**Given information**
##############################

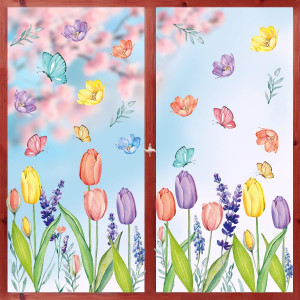 Horaldaily 67 PCS Spring Summer Window Cling Stick...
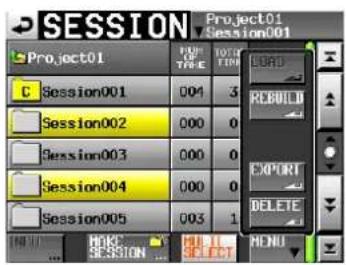 SESSION Project01 Session001 C Session001 004 3 Session002 000 0 Session003 000 0 Session004 000 0 Session005 003 1 LOAD SESSION REBUILD EXPORT DELETE MENU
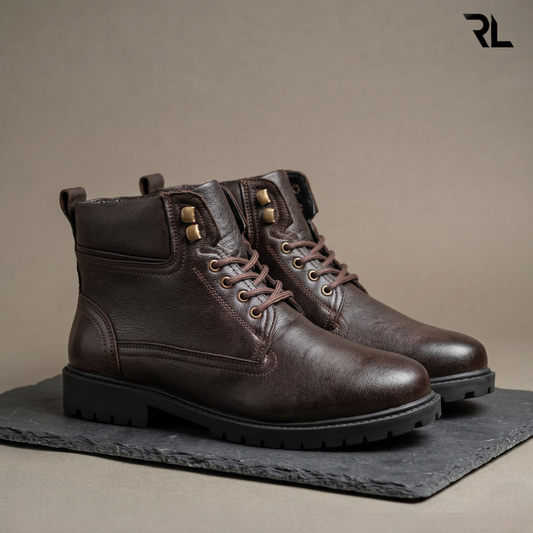 Leather Combat Boots – Rugged Dark Brown - 1009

##############################

**Your goal**
An exact repeat of all the data is required, pictures excluded.

**Output**
 Horaldaily 67 PCS Spring Summer Window Cling Stick...
 SESSION Project01 Session001 C Session001 004 3 Session002 000 0 Session003 000 0 Session004 000 0 Session005 003 1 LOAD SESSION REBUILD EXPORT DELETE MENU
 Leather Combat Boots – Rugged Dark Brown - 1009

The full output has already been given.